En 2009, l'écart se creuse encore un peu plus avec le succès de "Bienvenue chez les Ch'tis", le film français le plus vu dans l'hexagone avec 20,5 millions d'entrées. Nommé uniquement dans la catégorie scénario, il repart bredouille.

C'est avec humour que le réalisateur et acteur Dany Boon, dépité, réagit en se rendant à la cérémonie en veste de smoking et pantalon de jogging orange, car aux César, "les comiques (restent) tout le temps assis".

Rebelote en 2012 avec "Intouchables" d'Olivier Nakache et Eric Toledano: le film aux 19,5 millions de spectateurs reçoit 10 nominations mais remporte un seul César, celui du meilleur acteur pour Omar Sy.

- Dany Boon favori -

Le duo est cette année de retour avec 10 nominations pour "Le sens de la fête", moins toutefois que "120 battements par minute" et "Au revoir là-haut", archi-favoris avec 13 nominations chacun.

"De Dany Boon à Luc Besson, des artistes ne sont pas suffisamment reconnus par les prix, c’est injuste", estime M. Terzian.

C'est logiquement Dany Boon qui devrait remporter début mars ce "prix du public", avec "Raid dingue", comédie sur le monde de la police (4,6 millions de spectateurs au 31 décembre 2017), qui devance au box-office "Valérian", le film de science-fiction de Luc Besson adapté d'une bande dessinée (4 millions).

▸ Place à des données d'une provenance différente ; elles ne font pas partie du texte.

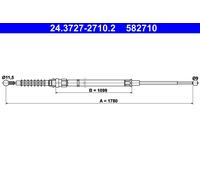 CABLE, PARKING BRAKE FOR SKODA RAPID ATE 24.3727-2710.2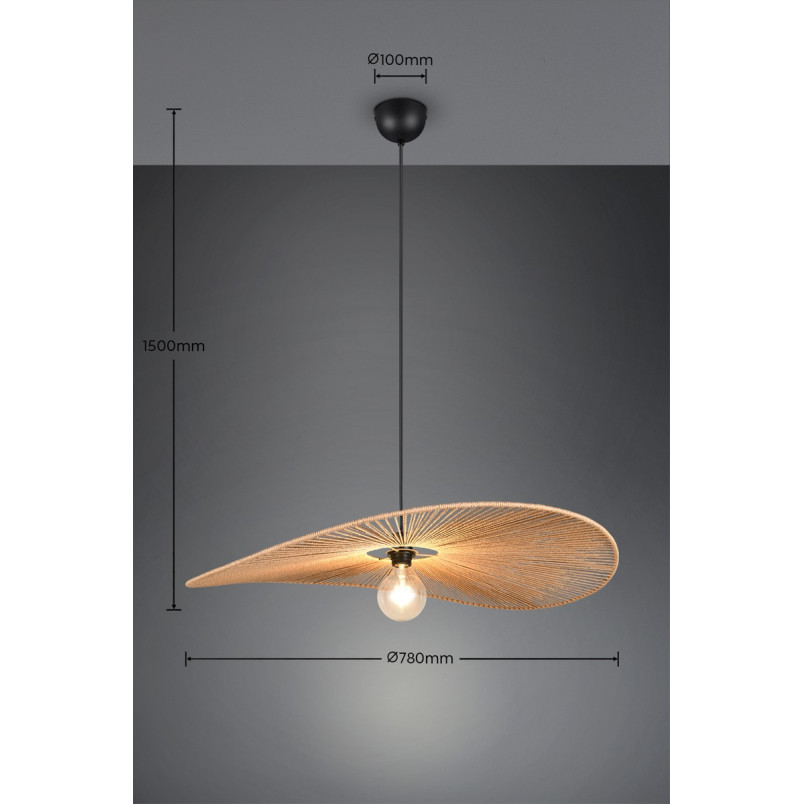 LAURINE Pendant excl.1xE27 150cm/ D 78cm/  Reality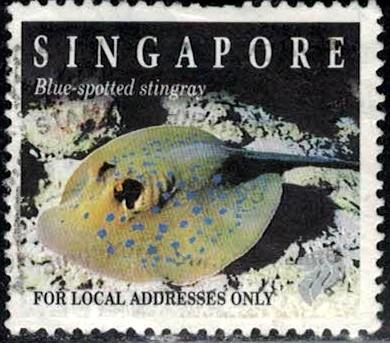 Fish, Blue-Spotted Stingray, Singapore stamp SC#675B used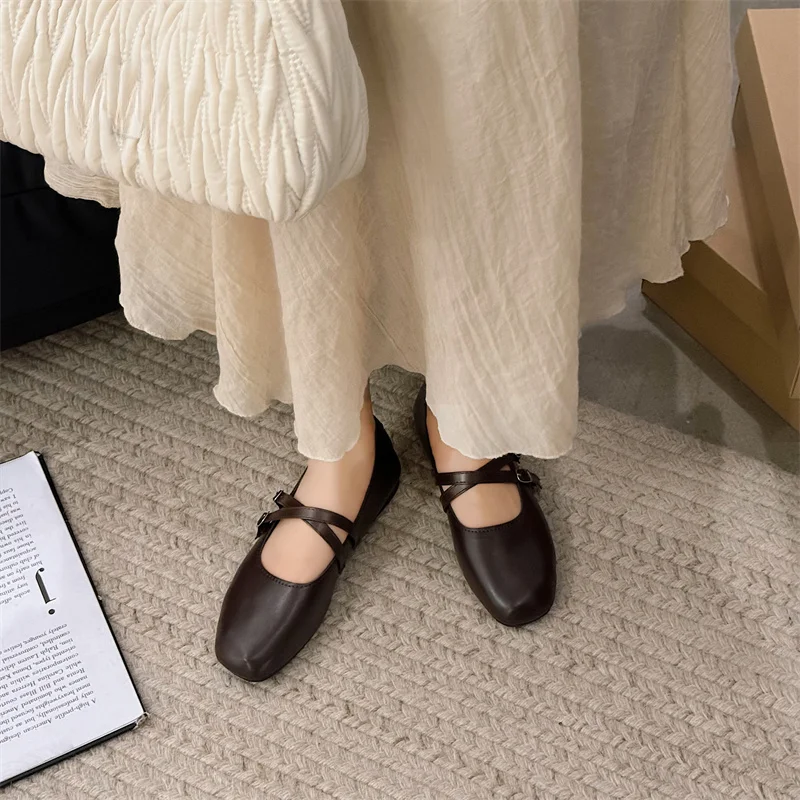 Spring/Summer Elegant Retro Mary Jane Casual Flat Shoes New Fashion Soft Comfortable Ballet Shoes Women Chaussure Femme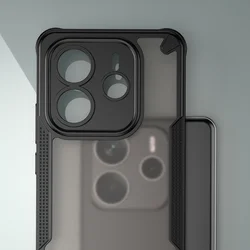 Xiaomi Redmi Note 14 5G telefontok - Defender Matt - fekete/áttetsző ütésálló hátlap tok-2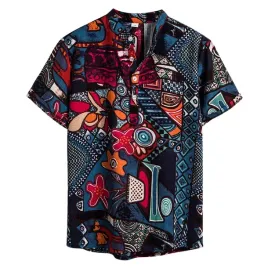 meska-koszula-hawajska-xl-wzory-casual-wakacyjna-lekka-aztecki-lniana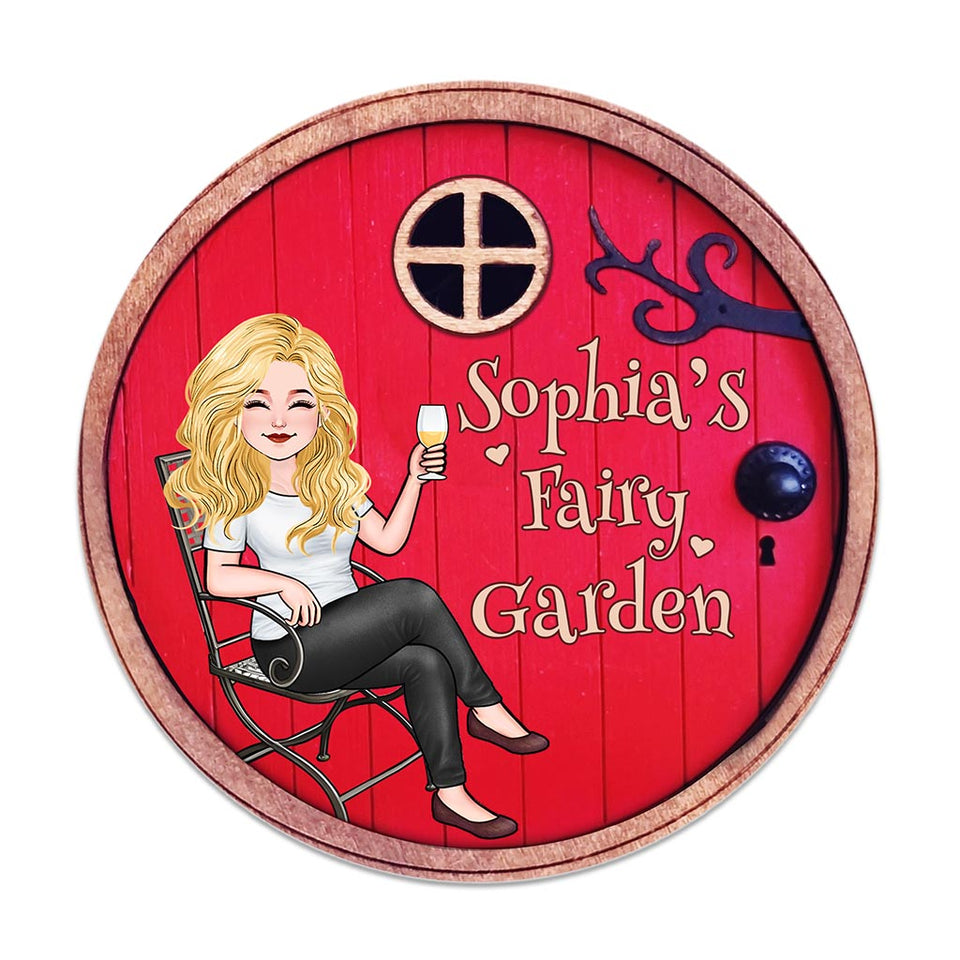 Fairy Garden - Personalized Gardening Round Wood Sign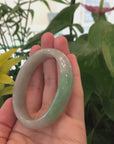 Baikalla Genuine Burmese Green Jadeite Jade Oval Bangle (55.24 mm) 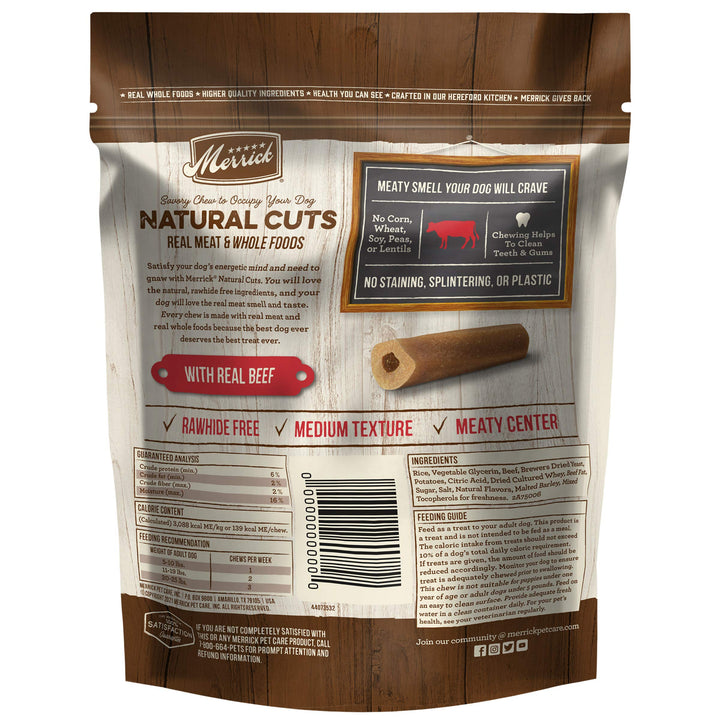 Merrick Natural Cuts Rawhide Free Dog Treats, Medium Texture Filled Dog Chew with Real Beef for Small Dogs - (6) 7 ct. Pouches Small Dog (5-25 LBS) 7 Count (Pack of 1)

"C'est une bonne nouvelle, car le cinéma français est très dans l'entre-soi et récompense les films sérieux tandis que la comédie est le parent pauvre", estime Régis Dubois, historien du cinéma. Une partition entre films d'auteur et populaires liée à "une vision aristocratique" du cinéma.

Elle remonte, selon lui, à "la politique des auteurs" défendue par des critiques et futurs réalisateurs de la Nouvelle vague comme François Truffaut dans les années 50 et donnant au réalisateur le statut d'auteur avant tout, quitte à moins considérer les autres professionnels impliqués dans la création d'un film.

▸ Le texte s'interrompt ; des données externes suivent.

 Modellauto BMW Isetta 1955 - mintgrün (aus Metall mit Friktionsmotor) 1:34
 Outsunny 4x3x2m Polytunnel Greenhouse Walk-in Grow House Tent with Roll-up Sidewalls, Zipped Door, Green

Cette volonté affichée par les César n'est pas du goût de tous. "On ne peut pas réduire un prix du public au nombre d'entrées en salles. Ce n'est pas parce que la fréquentation a été maximale que c'est le film que les spectateurs ont préféré dans l'année", souligne Emmanuel Ethis, sociologue du cinéma.

Une solution plus appropriée serait, à ses yeux, de constituer un panel de spectateurs à qui on demanderait de déterminer leur film préféré de l'année, sur le modèle de ce qui se fait dans les festivals de cinéma. "C'est la garantie de vraies découvertes et de partage", estime le sociologue.